COMET
COMET copied to clipboard
Force encodings to match across commands
🐛 Bug
Encoding of io operations is done inconsistently. Scoring is performed expecting utf-8, but MBR decoding is not (see lines 188 and 191), and compare only sometimes (see lines 439 and 446). Using these commands in succession can throw encoding errors.
To Reproduce
comet-mbr -s "./nmt_adapt/translations/${TRANSLATIONS_FILE}/source.txt" -t "./nmt_adapt/translations/${TRANSLATIONS_FILE}/mbr_samples.txt" --num_samples 12 -o "./nmt_adapt/translations/${TRANSLATIONS_FILE}/mbr_comet.txt"

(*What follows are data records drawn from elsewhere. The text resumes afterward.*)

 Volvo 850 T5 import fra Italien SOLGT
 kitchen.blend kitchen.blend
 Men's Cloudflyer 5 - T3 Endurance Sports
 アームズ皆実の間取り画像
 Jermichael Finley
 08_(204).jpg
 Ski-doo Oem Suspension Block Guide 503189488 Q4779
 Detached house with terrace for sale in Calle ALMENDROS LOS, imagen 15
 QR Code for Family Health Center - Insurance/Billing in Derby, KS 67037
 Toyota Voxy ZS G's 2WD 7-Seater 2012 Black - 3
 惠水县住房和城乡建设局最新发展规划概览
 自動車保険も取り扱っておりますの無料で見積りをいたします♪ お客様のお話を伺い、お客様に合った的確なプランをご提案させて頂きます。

comet-score -s "./nmt_adapt/translations/${TRANSLATIONS_FILE}/source.txt" -t "./nmt_adapt/translations/${TRANSLATIONS_FILE}/mbr_comet.txt" -r "./nmt_adapt/translations/${TRANSLATIONS_FILE}/references.txt" --quiet
Here all files except for "./nmt_adapt/translations/${TRANSLATIONS_FILE}/mbr_comet.txt" are explicitly in utf-8, and throw no issues when using comet-score.
Throws error:
Traceback (most recent call last):
File "/home/ivov/.conda/envs/nmt_eval/bin/comet-score", line 8, in <module>
sys.exit(score_command())
File "/home/ivov/.conda/envs/nmt_eval/lib/python3.9/site-packages/comet/cli/score.py", line 198, in score_command
translations.append([line.strip() for line in fp.readlines()])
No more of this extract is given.